Task goal:
Your answer should be only the lines below from the one with "Esperanza Ave Unit a-S2207-027.jpg" to the one with "Gallery image thumbnail", repeated exactly, ends included.

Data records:
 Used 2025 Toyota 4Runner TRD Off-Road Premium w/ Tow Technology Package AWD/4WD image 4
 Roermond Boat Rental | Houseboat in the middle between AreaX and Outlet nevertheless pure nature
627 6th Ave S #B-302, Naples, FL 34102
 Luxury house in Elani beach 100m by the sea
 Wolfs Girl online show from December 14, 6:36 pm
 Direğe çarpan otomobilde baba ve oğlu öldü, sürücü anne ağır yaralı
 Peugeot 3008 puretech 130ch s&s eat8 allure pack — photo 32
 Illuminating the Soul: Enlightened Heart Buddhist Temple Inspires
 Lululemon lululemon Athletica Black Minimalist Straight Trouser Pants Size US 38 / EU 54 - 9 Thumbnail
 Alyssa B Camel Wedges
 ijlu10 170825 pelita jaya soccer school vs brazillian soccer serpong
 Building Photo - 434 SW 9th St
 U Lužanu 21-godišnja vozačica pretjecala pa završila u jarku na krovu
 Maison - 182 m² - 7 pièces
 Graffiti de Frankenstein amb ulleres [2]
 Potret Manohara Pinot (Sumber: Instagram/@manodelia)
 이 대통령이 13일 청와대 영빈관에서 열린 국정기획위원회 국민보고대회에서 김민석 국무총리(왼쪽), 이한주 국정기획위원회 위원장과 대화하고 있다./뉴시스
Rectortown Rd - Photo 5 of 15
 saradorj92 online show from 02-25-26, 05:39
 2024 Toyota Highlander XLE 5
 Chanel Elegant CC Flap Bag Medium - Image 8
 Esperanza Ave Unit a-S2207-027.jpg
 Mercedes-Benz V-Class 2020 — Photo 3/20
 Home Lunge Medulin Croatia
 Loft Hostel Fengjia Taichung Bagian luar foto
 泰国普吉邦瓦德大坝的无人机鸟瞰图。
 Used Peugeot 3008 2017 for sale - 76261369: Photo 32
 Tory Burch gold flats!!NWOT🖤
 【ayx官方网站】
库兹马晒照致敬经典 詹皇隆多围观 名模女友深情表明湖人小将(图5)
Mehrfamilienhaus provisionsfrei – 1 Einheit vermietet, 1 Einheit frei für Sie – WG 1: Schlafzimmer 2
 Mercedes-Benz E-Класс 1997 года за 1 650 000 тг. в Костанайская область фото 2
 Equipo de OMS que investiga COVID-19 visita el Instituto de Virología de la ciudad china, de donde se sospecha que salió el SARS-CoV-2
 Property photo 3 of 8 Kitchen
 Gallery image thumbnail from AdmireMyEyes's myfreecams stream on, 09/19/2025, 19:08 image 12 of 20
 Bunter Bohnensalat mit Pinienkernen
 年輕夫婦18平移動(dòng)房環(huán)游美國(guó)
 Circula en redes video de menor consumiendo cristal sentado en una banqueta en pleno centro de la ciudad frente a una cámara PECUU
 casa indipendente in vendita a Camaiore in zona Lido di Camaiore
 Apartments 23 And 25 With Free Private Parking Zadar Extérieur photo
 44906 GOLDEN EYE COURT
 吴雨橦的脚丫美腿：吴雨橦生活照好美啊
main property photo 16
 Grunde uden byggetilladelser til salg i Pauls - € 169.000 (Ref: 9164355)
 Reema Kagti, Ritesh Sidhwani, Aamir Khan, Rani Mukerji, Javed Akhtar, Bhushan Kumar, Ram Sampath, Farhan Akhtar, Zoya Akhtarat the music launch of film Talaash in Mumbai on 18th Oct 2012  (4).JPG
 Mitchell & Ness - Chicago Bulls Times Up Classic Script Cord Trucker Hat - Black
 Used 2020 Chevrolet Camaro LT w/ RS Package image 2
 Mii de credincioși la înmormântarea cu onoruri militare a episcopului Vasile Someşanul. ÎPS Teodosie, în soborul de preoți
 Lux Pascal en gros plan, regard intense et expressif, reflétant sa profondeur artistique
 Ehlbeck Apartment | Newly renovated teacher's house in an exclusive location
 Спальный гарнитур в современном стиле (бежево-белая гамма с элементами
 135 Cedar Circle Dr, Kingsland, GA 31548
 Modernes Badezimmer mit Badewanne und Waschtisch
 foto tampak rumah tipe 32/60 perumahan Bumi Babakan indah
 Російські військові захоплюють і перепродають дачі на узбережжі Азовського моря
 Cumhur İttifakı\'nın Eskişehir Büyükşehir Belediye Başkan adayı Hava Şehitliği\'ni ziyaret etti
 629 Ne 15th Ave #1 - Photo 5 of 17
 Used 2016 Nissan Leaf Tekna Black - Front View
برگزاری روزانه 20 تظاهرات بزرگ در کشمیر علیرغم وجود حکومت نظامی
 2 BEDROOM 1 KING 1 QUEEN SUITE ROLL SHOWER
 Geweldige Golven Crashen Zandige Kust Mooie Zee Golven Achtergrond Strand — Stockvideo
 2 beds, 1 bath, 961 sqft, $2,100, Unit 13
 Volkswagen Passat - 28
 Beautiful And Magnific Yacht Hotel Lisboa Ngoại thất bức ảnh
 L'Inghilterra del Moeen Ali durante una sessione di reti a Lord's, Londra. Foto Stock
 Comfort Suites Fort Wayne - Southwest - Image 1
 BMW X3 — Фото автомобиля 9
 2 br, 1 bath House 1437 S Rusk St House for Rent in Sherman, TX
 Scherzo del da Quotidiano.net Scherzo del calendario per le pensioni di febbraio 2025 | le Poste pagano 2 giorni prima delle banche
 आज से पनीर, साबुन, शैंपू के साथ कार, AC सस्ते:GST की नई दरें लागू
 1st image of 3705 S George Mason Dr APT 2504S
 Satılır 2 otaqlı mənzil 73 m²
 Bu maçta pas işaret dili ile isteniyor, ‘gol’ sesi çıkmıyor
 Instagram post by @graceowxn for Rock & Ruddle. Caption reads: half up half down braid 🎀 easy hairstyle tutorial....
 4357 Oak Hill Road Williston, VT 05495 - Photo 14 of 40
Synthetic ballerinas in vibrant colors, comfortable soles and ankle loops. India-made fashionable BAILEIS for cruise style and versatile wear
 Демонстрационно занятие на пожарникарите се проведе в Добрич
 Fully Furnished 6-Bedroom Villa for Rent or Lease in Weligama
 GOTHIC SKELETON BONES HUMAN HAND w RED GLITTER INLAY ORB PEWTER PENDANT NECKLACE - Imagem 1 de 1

Response:
 Esperanza Ave Unit a-S2207-027.jpg
 Mercedes-Benz V-Class 2020 — Photo 3/20
 Home Lunge Medulin Croatia
 Loft Hostel Fengjia Taichung Bagian luar foto
 泰国普吉邦瓦德大坝的无人机鸟瞰图。
 Used Peugeot 3008 2017 for sale - 76261369: Photo 32
 Tory Burch gold flats!!NWOT🖤
 【ayx官方网站】
库兹马晒照致敬经典 詹皇隆多围观 名模女友深情表明湖人小将(图5)
Mehrfamilienhaus provisionsfrei – 1 Einheit vermietet, 1 Einheit frei für Sie – WG 1: Schlafzimmer 2
 Mercedes-Benz E-Класс 1997 года за 1 650 000 тг. в Костанайская область фото 2
 Equipo de OMS que investiga COVID-19 visita el Instituto de Virología de la ciudad china, de donde se sospecha que salió el SARS-CoV-2
 Property photo 3 of 8 Kitchen
 Gallery image thumbnail from AdmireMyEyes's myfreecams stream on, 09/19/2025, 19:08 image 12 of 20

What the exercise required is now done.